Squadron looks to clean up liquor laws
The State Senate passed two bills this month to clarify vague provisions in the laws governing liquor licenses.
State Sen. Daniel Squadron, who sponsored the bills, hopes they will make the State Liquor Authority’s decisions more consistent. The bills have sponsors in the Assembly but have not yet come to a vote there.
Squadron’s first bill relates to the 500-foot rule, which triggers a public hearing whenever a new bar seeks a liquor license within 500 feet of three or more existing establishments with liquor licenses. The State Liquor Authority is only supposed to grant a new license under the 500-foot rule if the new license in the public’s interest — a broad term that is not clearly defined, though the law lists several factors the S.L.A. could consider, including noise and parking impacts.
Squadron’s bill requires that that the S.L.A. consider each of those factors, and adds in two additional ones: the applicant’s history with community boards and any past building or fire-safety violations the applicant has received at other establishments.
“There’s no question this is an improvement,” said Squadron, a former bar owner. “However, there’s also no question that in defining public benefit and ensuring consistency in the way the S.L.A., the community and the applicants interact, there’s still more to do.”
The chief problem is that unlike many other state agencies, the State Liquor Authority cannot make its own rules, but relies on the Legislature, Squadron said.
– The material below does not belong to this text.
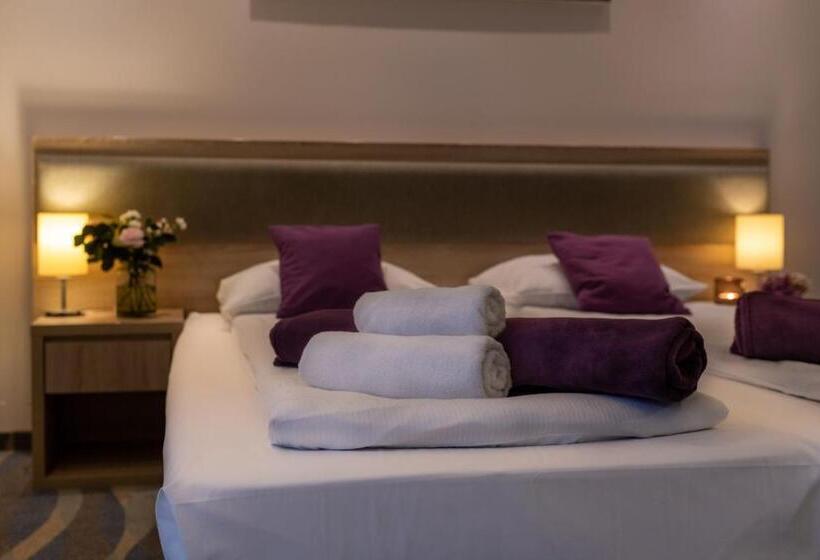 高级大房间, Bardo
Squadron’s other S.L.A. bill this month would close a loophole in the 500-foot rule and the 200-foot rule, which prohibits new liquor licenses within 200 feet of a school or a place of worship. The law currently measures the 200 or 500 feet starting at the new bar’s front door, and Squadron said bar owners have moved their doors to skirt the law. His bill requires all measurements for future liquor licenses to be made from the property line instead. The new restriction would not apply to anyone who has already applied for a license.